Post Mortem of the 7th July 2023 Jenkins Infrastructure Outage
On Friday 7th of July 2023, the Jenkins infrastructure suffered a major outage from 11:05am UTC until 15:25pm UTC with complete downtime of the following public services:
-
accounts.jenkins.io
-
fallback.get.jenkins.io
-
get.jenkins.io
-
incrementals.jenkins.io
-
javadoc.jenkins.io
-
plugin-health.jenkins.io
-
plugin-site-issues.jenkins.io
-
plugins.origin.jenkins.io
-
plugins.jenkins.io
-
rating.jenkins.io
-
repo.azure.jenkins.io
-
reports.jenkins.io
-
stories.jenkins.io
-
uplink.jenkins.io
-
weekly.ci.jenkins.io
-
www.origin.jenkins.io
We also had complete downtime of the following non-public services:
-
ldap.jenkins.io
-
previews of *.jenkins.io pull requests (infra.ci.jenkins.io)

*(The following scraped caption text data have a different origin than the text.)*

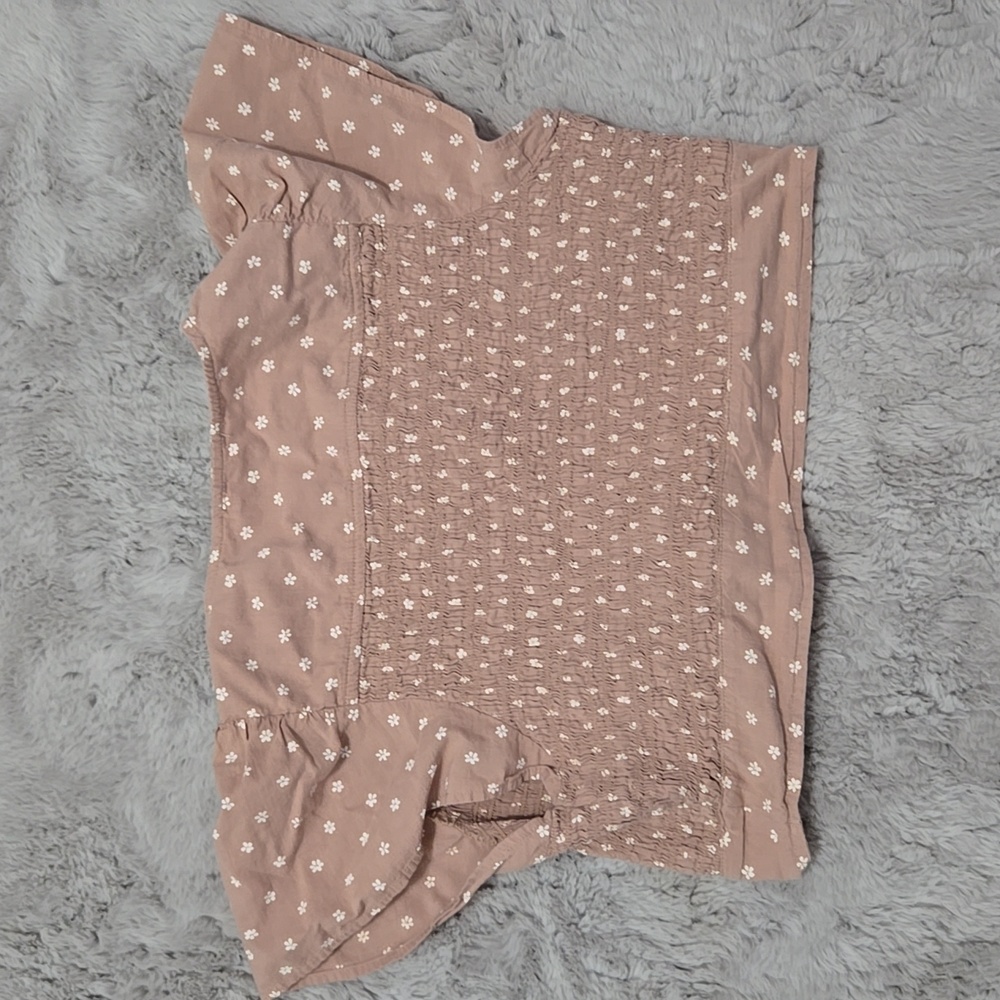 American Eagle Outfitters tan tie front floral blouse size L - Picture 5 of 8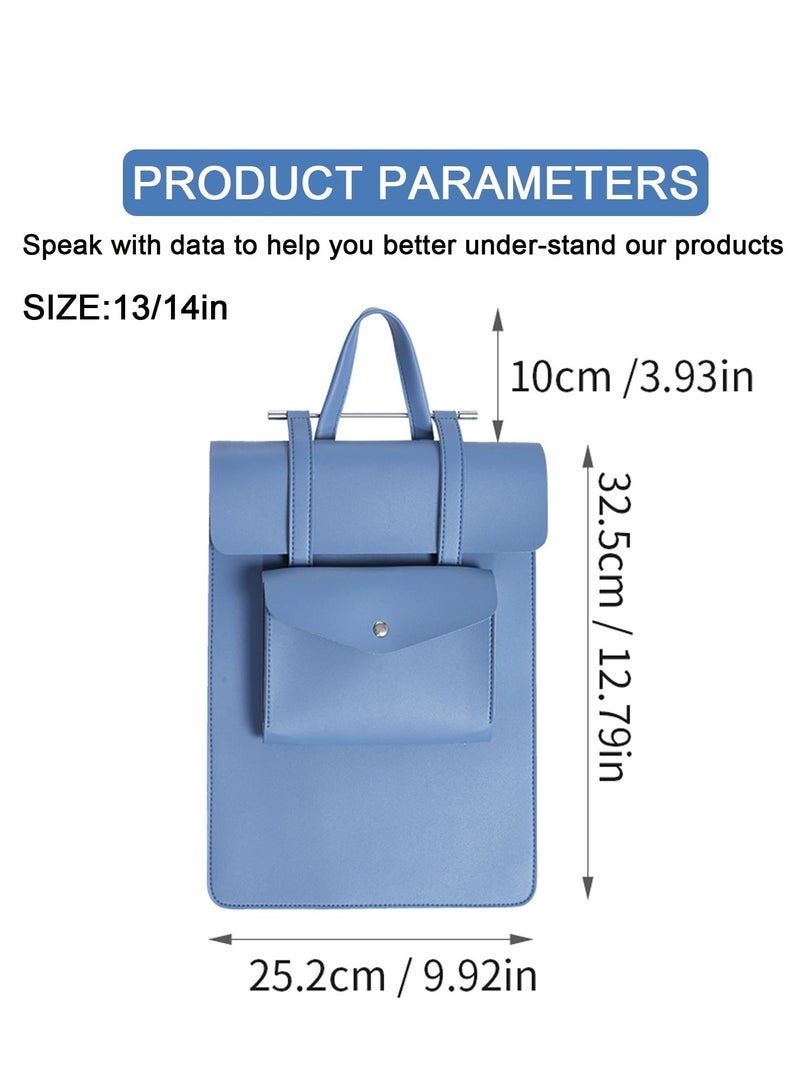 SOLARAE 13-14 Inch Tablet Sleeve Bag Case, Notebook Carrying Case Fits MacBook Pro M2 14" /13" M2/M1 Pro/Air 13.6" M2 2022, Surface Pro 9/8 13" (gray blue) - Image 2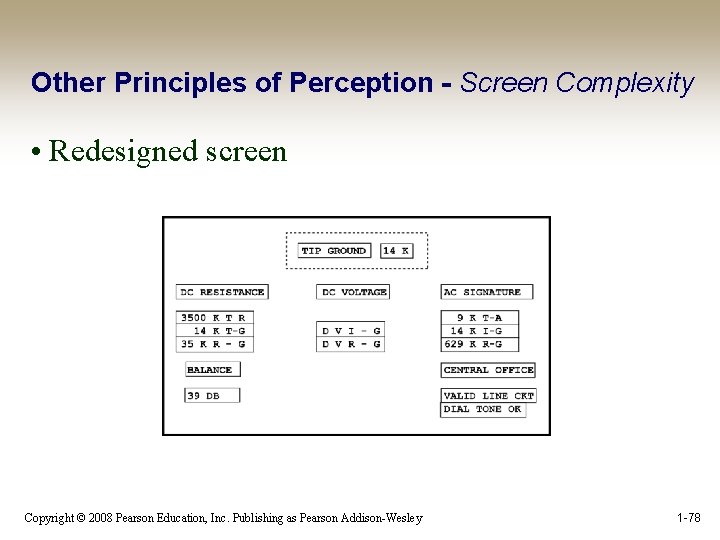 Other Principles of Perception - Screen Complexity • Redesigned screen Copyright © 2008 Pearson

In addition, there was disruption (partial or complete) of the following services:
-
ci.jenkins.io
-
infra.ci.jenkins.io
-
issues.jenkins.io
-
plugins.jenkins.io
-
repo.jenkins-ci.org
-
www.jenkins.io
The public IPs of these services changed (DNS records included) to:
⚠️ Update your corporate networks (DNS, proxies, firewall) if you need to access these services. |
Incident Timeline
-
10:30am UTC: After a successful upgrade of the public Kubernetes cluster in Azure to 1.25 (as part of help desk ticket 3582), we realized that the LDAP service was not reachable by the services running inside the cluster (such as accounts.jenkins.io). We quickly identified IP restrictions blocking these requests as the pod originating IP was in a different range than before.
-
10:55am UTC: The fix (Azure PR 431) is deployed to specify a proper set of IP ranges for the pods. It removed all of the node pools (all the virtual machines where the container was running) and failed to re-create them, causing a full outage of all the services running in this cluster:
-
accounts.jenkins.io
-
get.jenkins.io
-
incrementals.jenkins.io
-
javadoc.jenkins.io
-
jenkins-wiki-exporter.jenkins.io
-
ldap.jenkins.io
-
plugins.jenkins.io
-
previews of *.jenkins.io pull requests (infra.ci.jenkins.io)
-
release.ci.jenkins.io
-
repo.azure.jenkins.io
-
reports.jenkins.io
-
stories.jenkins.io
-
uplink.jenkins.io
-
www.jenkins.io
-
-
11:16am until 13:16pm UTC: The failure to re-create resources led us to spend the 2 next hours creating the cluster from scratch with a fixed network setup.
-
15:17pm UTC: This pull request is pushed to persist the manual work we did to recreate the cluster including the IP setup.
-
15:25pm UTC: All services are back to normal
What Happened?
-
When the cluster was initially created, we selected the
10.244.0.0/16
virtual network IP range (ref. Azure VNets) with a10.245.0.0/24
sub-network (ref. Azure subnet). -
But we ignored that the
10.244.0.0/24
range is the default CIDR for the Kubernetes Pods network in Azure when using the "kubenet" network to support IPv6 instead of the default CNI. -
The node pool re-creation failed because we assumed both ranges were able to communicate and tried to deploy an invalid setup.
-
As soon as we specified a custom Pod CIDR in a distinct range, everything went fine.
-
When the original cluster was deleted it transitively removed the current Public IPs, as it removed the Nodes Resource Group containing the Public IP.
-
These public IPs should change as little as possible to avoid problems with our users running behind a corporate firewall with an allow-list.
-
What can we do to improve?
-
As per our initial assessment: protect the Public IPs from deletion by adding a Management Lock.
-
As recommended by other contributors: storing the Public IP in a distinct Resource Group and set up the Kubernetes-managed Load Balancers accordingly (annotation
service.beta.kubernetes.io/azure-load-balancer-resource-group
). -
Improve our network diagrams and documentation to have better access to the representation and potential overlaps when preparing operations.
-
Avoid changing AKS node pools configurations all at once: we would have caught the issue after the first node pool and could have avoided a full outage (we are working on this topic for the
arm64
node pools in PR-3623).
From 0 to production in less than 4 hours!
One of the takeaways of this outage, is that we are able to recover from a full destruction of the cluster hosting almost all public services in less than 4 hours.
It’s a huge collaborative work which allowed this: from defining the architecture, building the infrastructure, backing-up its data, etc.
This huge effort started years ago by R. Tyler Croy, Olivier Vernin and backed by a lot of contributors such as Daniel Beck, Hervé Le Meur, Tim Jacomb, Mark E Waite, Stéphane Merle and many more.
As current Infrastructure Officer, I want to thank them all so that our life is easier when catastrophic events happens!